IUSD currently has 12,000 students enrolled and we lose approximately 1,000 kids a year due to the lack of programs and creativity in the way the students are taught. IUSD has yet to come up with a plan to get kids back in school. They have actually done the opposite by removing discriminatory boundaries such as opening advanced placement classes to all students, regardless of whether they earned the right to be there or not.

While Compton Unified School District (CUSD), made a simple move that yielded huge gains.

CUSD recently made headlines when the state recognized the board’s efforts, as they increased student enrollment, which ultimately brought CUSD an additional $1.2 million in funding for the students.

“We tell districts when they are starting out to make attendance a priority that a good goal is a 1 percent improvement in ADA,” said David Kopperud, a consultant with the California Department of Education who helps oversee student attendance programs.

“If they can do that – that’s a real achievement,” he explained. “Anytime a district increases ADA above 1 percent – that’s exceptional.”

Utilizing a new web-based attendance management system, Compton’s one-year improvement resulted in a total gain of 57,326 learning days over the prior year. While it may be too early to draw conclusions, the district’s performance on the state’s Academic Performance Index increased 11 points in 2011 – 2012 to 697 – a recent high point.

So basically, by turning to a web-based attendance management system this single action allowed for decreased attendance error calculations, which most likely resulted in fewer delays in transmitting the data to the attendance clerks in the district.

The district has become much more vigilant in notifying parents when unexcused absences occur and more consistent in meeting with family members when patterns start to emerge.

It’s too bad that Inglewood Unified School District is still taking attendance by pen and paper and then counting on staff to either drive the forms to the district office or expect welfare and attendance clerks to visit the school sites and enter in the attendance forms manually.

For once, IUSD can actually learn from the progress of the Compton school board. If they followed Compton into the 21st century of technology, our children wouldn’t continue to suffer in their lack of educational funding.

Inglewood’s solution to the lower attendance is to have the children attend school on Saturday for four hours a day with enrichment studies in order to capture the missing funding.
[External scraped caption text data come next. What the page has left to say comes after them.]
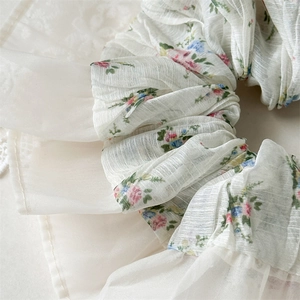 Close-up of floral scrunchie with layered ruffles and textured cream chiffon fabric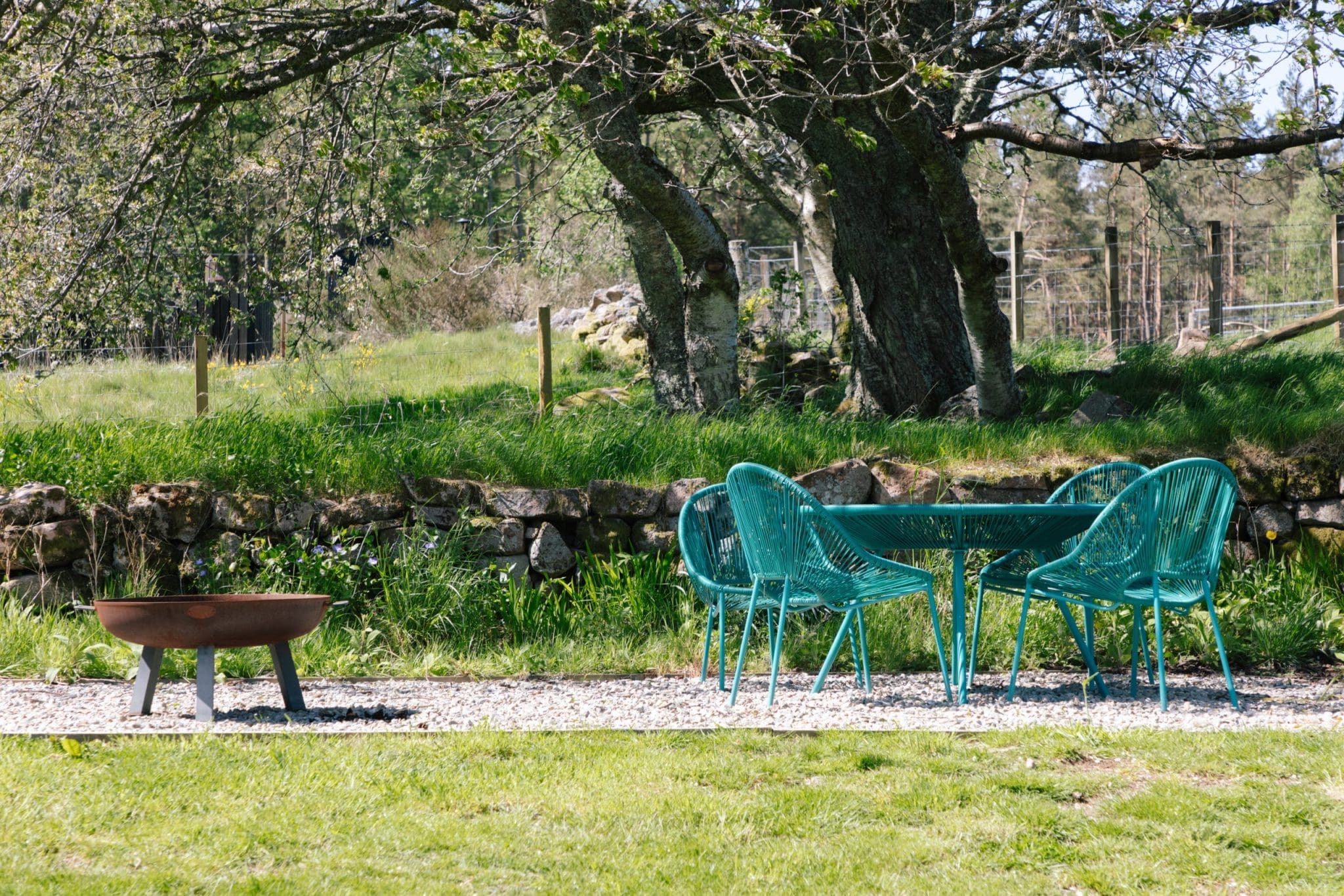 The outdoor space of Cuttieshillock Cottage with a view of their table and chairs and a fire pit not too far away.
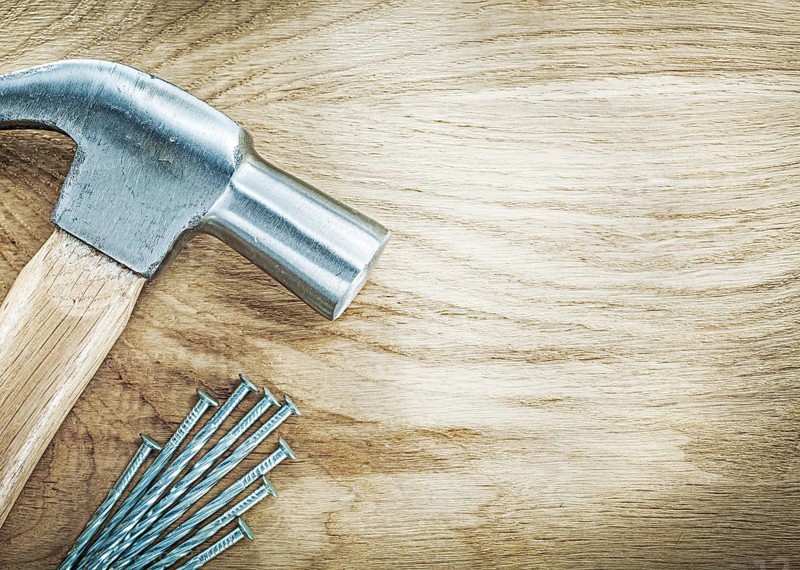 Claw hammer stainless nails on wooden board building concept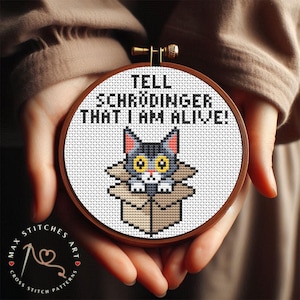 May include: A cross-stitch embroidery hoop with a brown wooden frame. The design features a grey cat in a cardboard box with the text "TELL SCHRÖDINGER THAT I AM ALIVE!". The bottom left corner has the text "MAX STITCHES ART".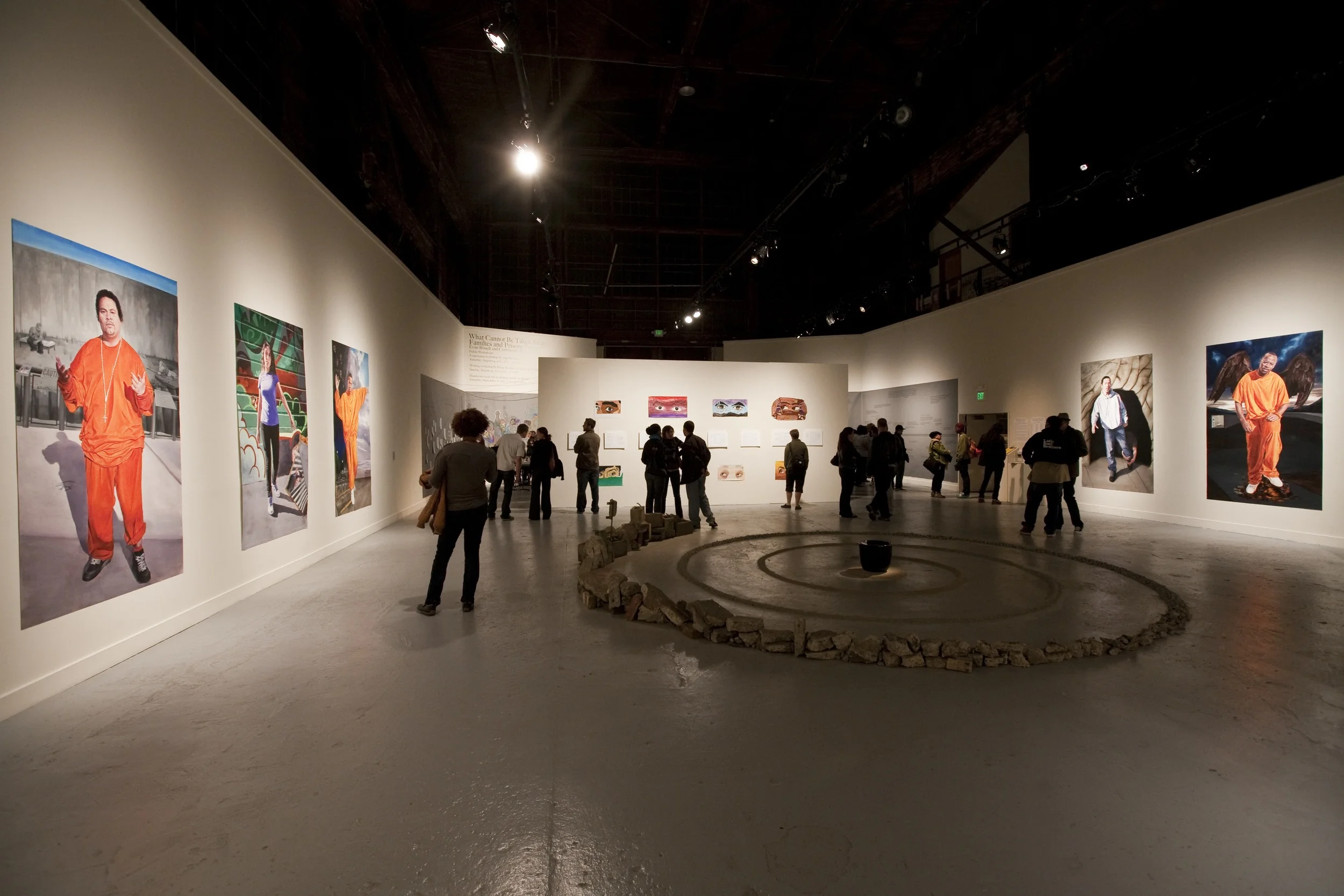 Installation view, including the meditation labyrinth, the eyes paintings by project members and the portraits.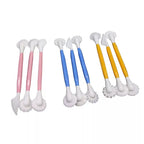 Three sets of plastic sculpting tools with white silicone heads, featuring pink, blue, and yellow handles on a plain white background.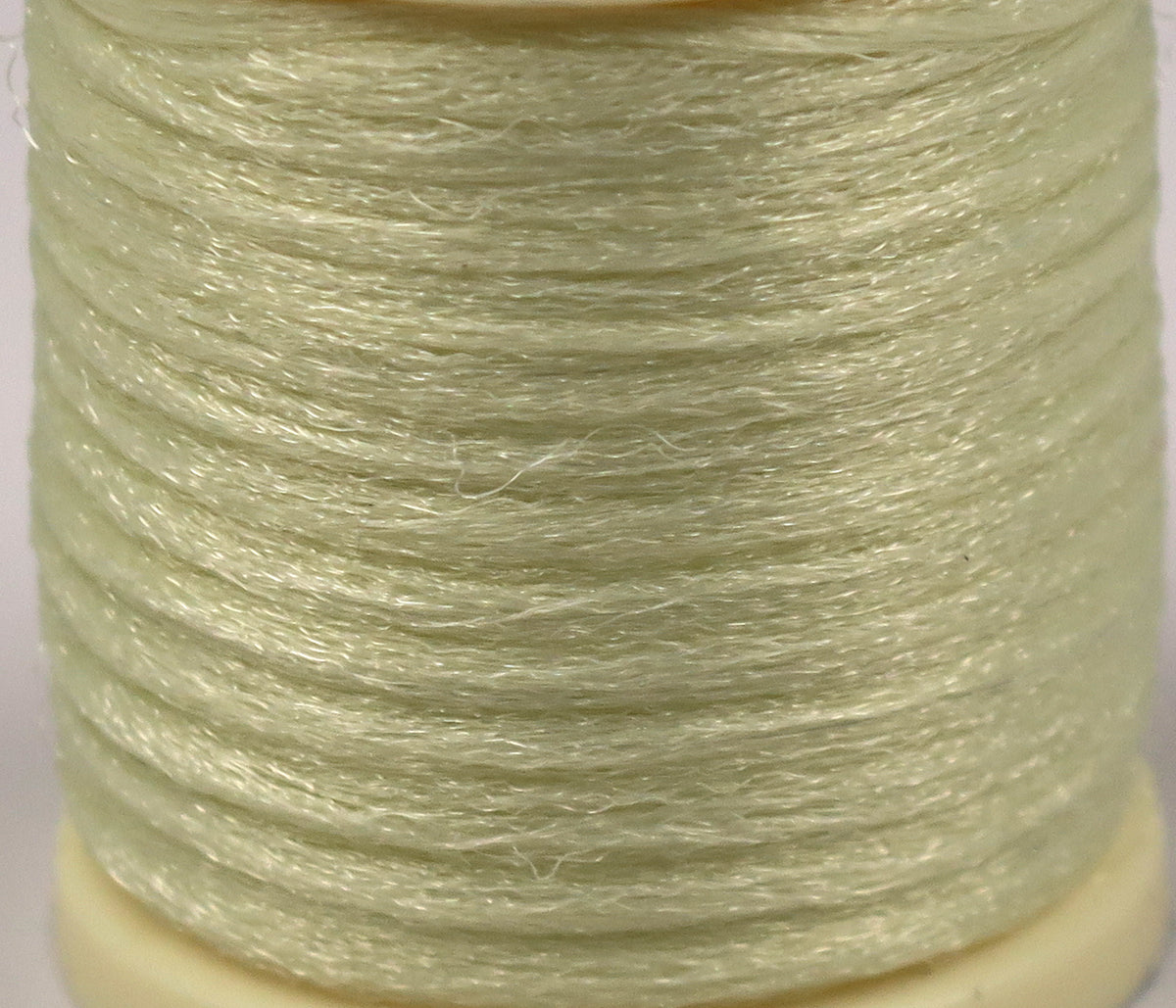 Hareline Antron yarn spool in pale chartreuse green with shiny synthetic fibers wound for fly tying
Wouldn’t it be easier to increase technology in both the classroom and attendance office? Oh that’s right, all of the funding received from the Microsoft grant went to LaTijera, who I might add is in the bottom five of all schools in the district.

We see that the City of Inglewood has begun their share of promoting the value of IUSD schools when the annual Martin Luther King Day parade was changed from a parade to a festival at Crozier Middle School. Coincidence? Nope, not with the city preparing to sell the bonds the residents approved when Inglewood residents passed Measure GG.

The good news for Compton residents is the recent declaration of two current Compton USD Board Trustees, Satra Zurita and Skyy Fisher, have both filed to leave the school board and enter the City Council elections.

If they are able to make strides in increasing enrollment and funding for the city’s children, imagine what they can do to turn around the city’s fiscal issues? Perhaps, the money earmarked for Compton USD will actually make its way over there.

We’ll see when City of Compton holds their municipal elections on April 16. Take note Inglewood USD Advisory Board – I know we’ll be watching.

By the way, Inglewood should also take a look at Compton USD’s website because IUSD’s website looks like a 5-year-old made it.